◆ **DESCRIPTION OF THE TASK**
A faithful copy of every entry, with the pictures removed, is what is needed here.

INPUT MATERIAL START

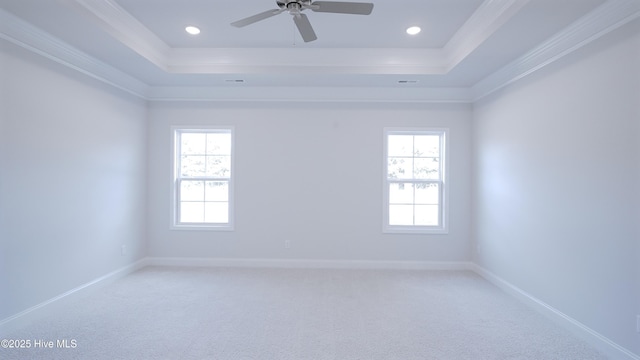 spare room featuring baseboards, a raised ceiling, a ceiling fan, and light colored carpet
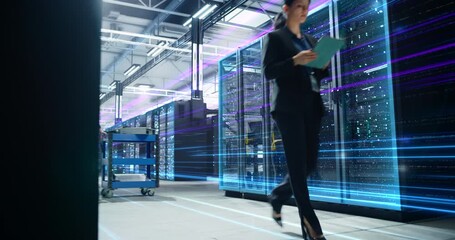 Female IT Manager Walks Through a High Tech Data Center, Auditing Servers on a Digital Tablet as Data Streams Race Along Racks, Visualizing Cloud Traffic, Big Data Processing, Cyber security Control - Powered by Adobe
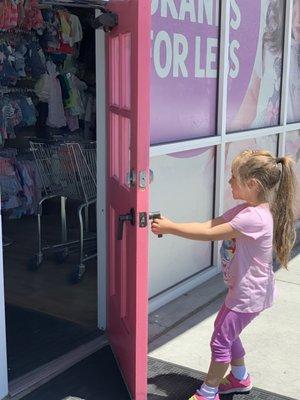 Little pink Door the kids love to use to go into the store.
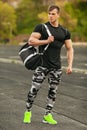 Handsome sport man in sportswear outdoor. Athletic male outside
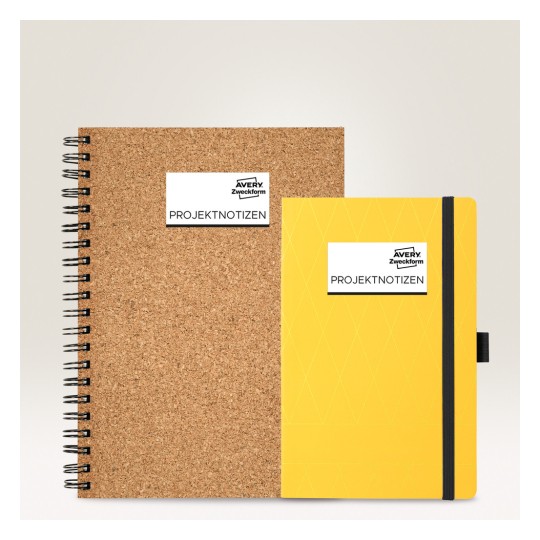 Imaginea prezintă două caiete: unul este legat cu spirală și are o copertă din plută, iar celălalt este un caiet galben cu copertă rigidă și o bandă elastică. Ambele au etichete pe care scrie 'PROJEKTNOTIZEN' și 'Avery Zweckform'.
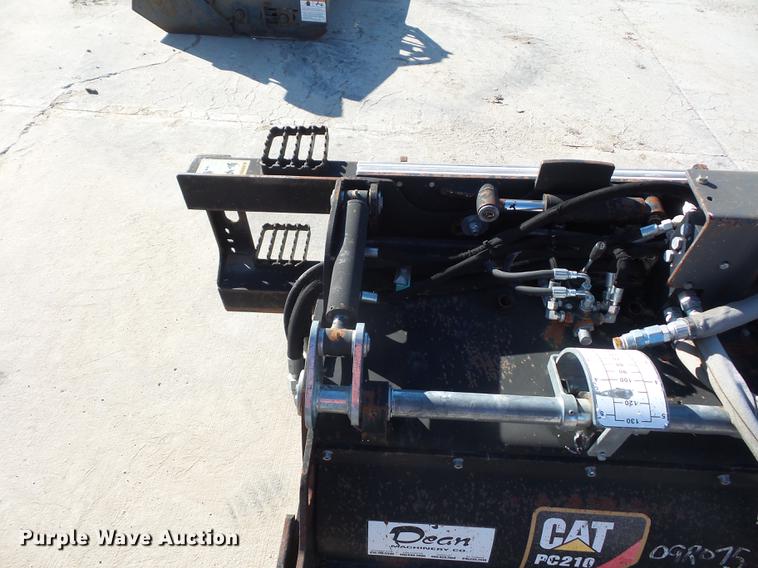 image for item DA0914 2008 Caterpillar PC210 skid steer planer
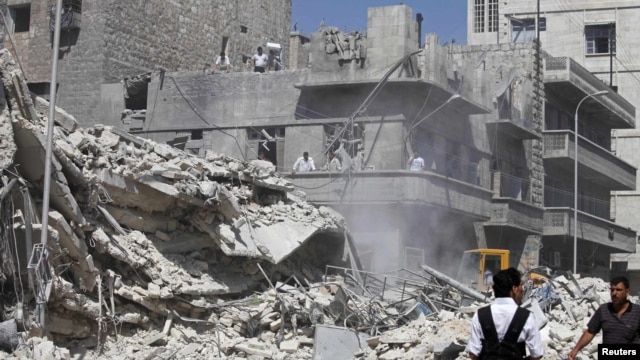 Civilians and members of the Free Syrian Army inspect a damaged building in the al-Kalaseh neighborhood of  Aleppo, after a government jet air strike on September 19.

INPUT MATERIAL END

◆ **RESPONSE FOR THIS EXERCISE**
 spare room featuring baseboards, a raised ceiling, a ceiling fan, and light colored carpet
 Female IT Manager Walks Through a High Tech Data Center, Auditing Servers on a Digital Tablet as Data Streams Race Along Racks, Visualizing Cloud Traffic, Big Data Processing, Cyber security Control - Powered by Adobe
 Little pink Door the kids love to use to go into the store.
 Handsome sport man in sportswear outdoor. Athletic male outside
 Imaginea prezintă două caiete: unul este legat cu spirală și are o copertă din plută, iar celălalt este un caiet galben cu copertă rigidă și o bandă elastică. Ambele au etichete pe care scrie 'PROJEKTNOTIZEN' și 'Avery Zweckform'.
 image for item DA0914 2008 Caterpillar PC210 skid steer planer
 Civilians and members of the Free Syrian Army inspect a damaged building in the al-Kalaseh neighborhood of  Aleppo, after a government jet air strike on September 19.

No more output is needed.